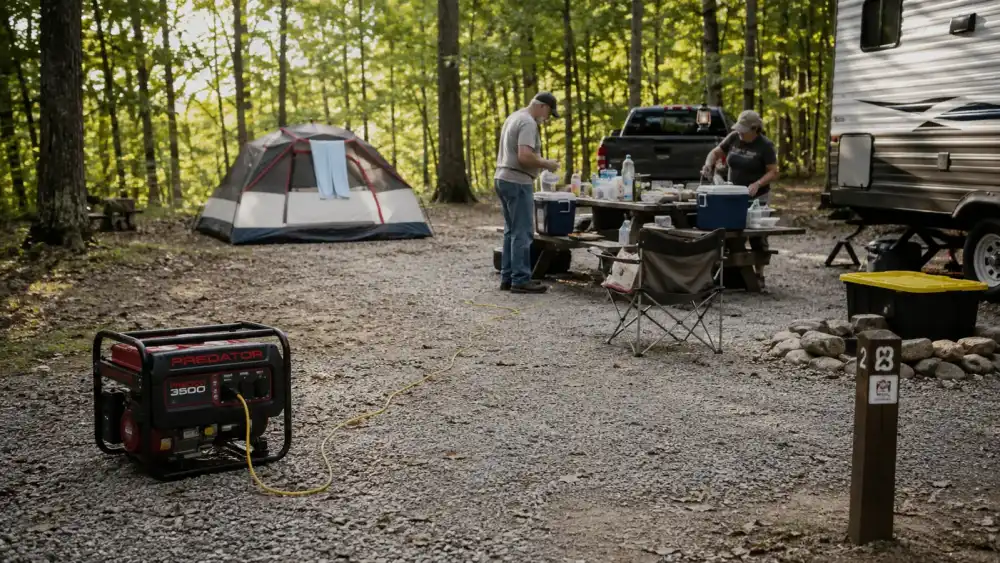 Wide shot of a gas generator running outside a camper at a distance from the tent, never inside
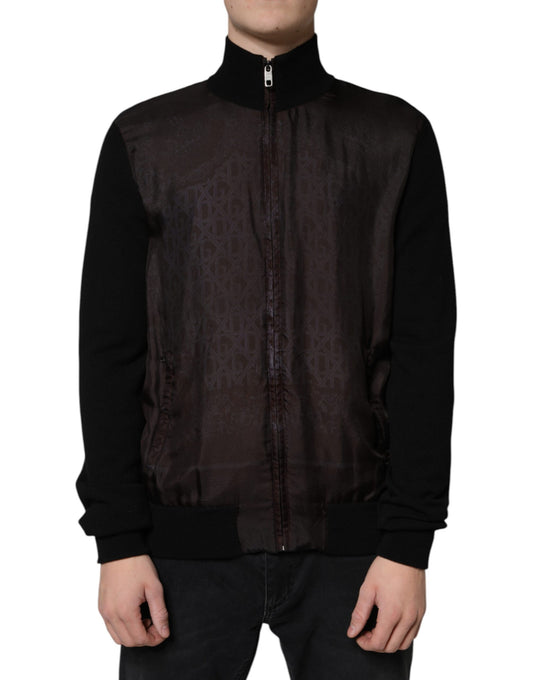 Dolce &amp; Gabbana svart bomberjacka med logotyp och monogram och hel dragkedja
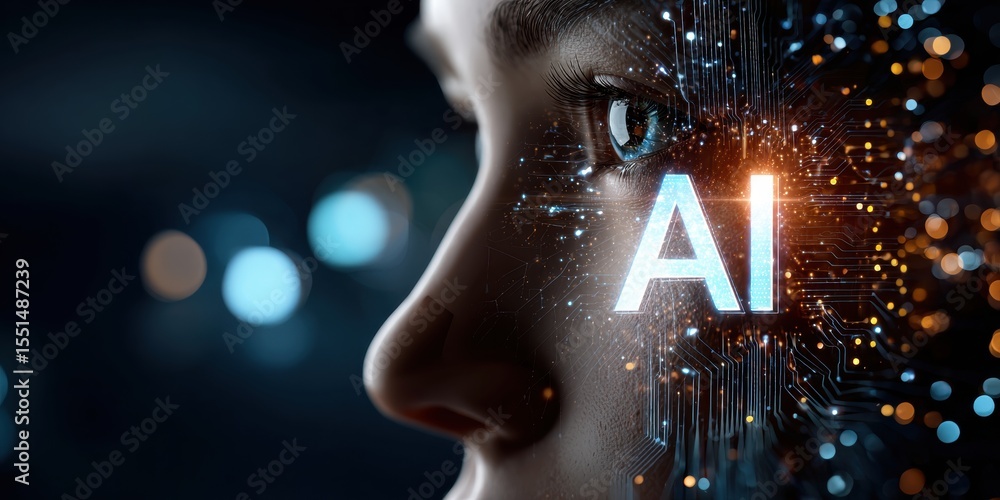 Aufkleber close up of a person's face with ai overlay and bokeh lights in the background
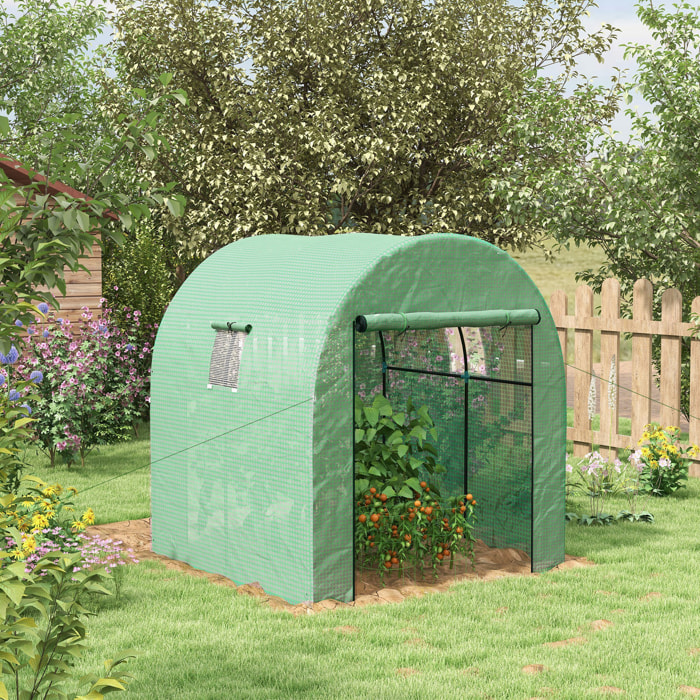 Invernadero de Exterior, Invernadero de Túnel con 2 Puertas Enrollables, 2 Ventanas de Malla, Cubierta PE 135g/m², Anti-UV, Marco de Acero, para Cultivos, Plantas, 180x180x200 cm, Verde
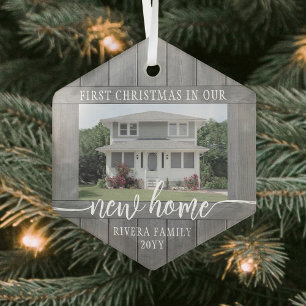New Home First Christmas 1 Photo Faux Grey Wood Glass Ornament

== == ==

* EXERCISE BRIEF: Only the lines from the one that holds "Invernadero de Exterior, Invernadero" through the end of the records above should be printed again, exactly as they are. Leave out the pictures.

* RESULT:
 Invernadero de Exterior, Invernadero de Túnel con 2 Puertas Enrollables, 2 Ventanas de Malla, Cubierta PE 135g/m², Anti-UV, Marco de Acero, para Cultivos, Plantas, 180x180x200 cm, Verde
New Home First Christmas 1 Photo Faux Grey Wood Glass Ornament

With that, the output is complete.